Stratégie low cost, mais payante, si l’on se réfère à la résilience de l’image plutôt flatteuse de la Russie en Afrique, relevée sondage après sondage. Une Russie qui, aux yeux de beaucoup d’Africains, a été du bon côté de l’Histoire lors des luttes de libération, avant de former dans ses universités des dizaines de milliers de cadres du continent. Une Russie qui, à l’instar de la Chine, sait entretenir le mythe de son innocence impériale, elle qui n’a jamais colonisé le Sud et ne fut qu’observatrice à la Conférence de Berlin. Une Russie issue de la matrice de l’Union soviétique, laquelle englobait l’Ukraine, que nombre d’Africains connaissent peu et qu’ils ont découverte en mars avec les images traumatisantes de leurs compatriotes étudiants en fuite, triés au faciès aux frontières de l’Union européenne et condamnés depuis à une vie d’errance.

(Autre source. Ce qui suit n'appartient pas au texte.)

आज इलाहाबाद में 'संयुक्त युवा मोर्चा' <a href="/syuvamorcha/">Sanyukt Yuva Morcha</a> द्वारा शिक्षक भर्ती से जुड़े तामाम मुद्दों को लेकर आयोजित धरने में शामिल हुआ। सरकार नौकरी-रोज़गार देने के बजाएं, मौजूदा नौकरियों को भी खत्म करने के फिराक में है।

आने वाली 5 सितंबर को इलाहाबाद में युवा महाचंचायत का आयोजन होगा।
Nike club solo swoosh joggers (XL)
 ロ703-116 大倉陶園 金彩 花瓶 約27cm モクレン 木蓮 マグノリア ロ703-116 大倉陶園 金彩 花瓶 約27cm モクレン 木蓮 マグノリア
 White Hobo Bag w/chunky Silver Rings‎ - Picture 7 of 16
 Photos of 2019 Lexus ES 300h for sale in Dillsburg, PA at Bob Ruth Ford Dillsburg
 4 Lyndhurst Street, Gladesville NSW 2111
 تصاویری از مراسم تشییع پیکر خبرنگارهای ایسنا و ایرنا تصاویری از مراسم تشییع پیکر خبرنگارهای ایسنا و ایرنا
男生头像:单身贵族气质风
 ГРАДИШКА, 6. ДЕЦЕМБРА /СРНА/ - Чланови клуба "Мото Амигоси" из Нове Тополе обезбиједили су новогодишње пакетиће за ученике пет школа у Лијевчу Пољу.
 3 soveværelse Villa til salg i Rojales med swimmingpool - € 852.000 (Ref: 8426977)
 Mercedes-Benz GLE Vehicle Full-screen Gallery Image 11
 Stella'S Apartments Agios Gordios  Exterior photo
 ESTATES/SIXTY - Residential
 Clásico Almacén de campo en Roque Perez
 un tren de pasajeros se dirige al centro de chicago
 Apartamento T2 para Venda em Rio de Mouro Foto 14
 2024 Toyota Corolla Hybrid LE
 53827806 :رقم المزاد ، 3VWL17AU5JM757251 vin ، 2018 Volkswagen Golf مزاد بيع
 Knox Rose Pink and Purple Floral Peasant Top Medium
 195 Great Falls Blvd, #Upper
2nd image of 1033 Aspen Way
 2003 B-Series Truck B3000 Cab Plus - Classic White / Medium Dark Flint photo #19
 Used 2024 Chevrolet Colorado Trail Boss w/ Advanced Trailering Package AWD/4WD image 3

Poutine, ou une revanche par procuration
Et puis il y a Poutine, le néo-tsar, que les dirigeants ne sont pas rares à admirer secrètement comme une sorte de revanche par procuration, eux qui sont contraints par la loi des rapports de force d’ingurgiter quotidiennement des leçons de bonne gouvernance de la part des Occidentaux. Tout cela, joint à l’éternel sentiment du deux poids, deux mesures, explique pourquoi, en dépit de l’acharnement d’un Joe Biden, d’un Emmanuel Macron, d’un Antonio Guterres ou d’une Ursula von der Leyen pour leur expliquer le contraire, la Russie et son maître ne sont pas perçus comme des menaces par la majorité des Africains. La guerre en Ukraine n’est pas à leurs yeux une guerre pour des valeurs, valeurs que tout le monde a violées, ce n’est pas leur guerre, et Poutine ne leur fait pas peur.
Pour autant, les chefs d’État africains ne sont pas naïfs. Si, à l’ONU, nombre d’entre eux s’abstiennent toujours de condamner la Russie, ce n’est pas parce qu’ils avalent les yeux fermés le wording du Kremlin sur la pseudo-nazification de l’Ukraine et « l’agression coloniale » de l’Otan, mais parce qu’ils sont dépendants des céréales, des engrais, du pétrole et des armes russes.
Qu’on le veuille ou non, le discours souverainiste distillé depuis Moscou et Pékin selon lequel une poignée de démocraties occidentales, dont d’anciens pouvoirs coloniaux, ont détourné à leur profit l’ordre international pour promouvoir leurs propres critères comme unique forme de bonne gouvernance est loin de les laisser insensibles, en particulier ceux d’entre eux qui estiment que les problématiques de droits de l’homme doivent être évacuées des relations entre États. Pour le reste, tant qu’il y aura un Josep Borrell, haut-représentant de l’Union européenne pour les Affaires étrangères, pour oser dire, c’était le 13 octobre à Bruges, que l’Europe est « un jardin » menacé d’« invasion » par cette « jungle qu’est le reste du monde », Poutine et son cuisinier Prigojine n’auront guère d’efforts à fournir pour que les drapeaux russes flottent dans le ciel d’Afrique.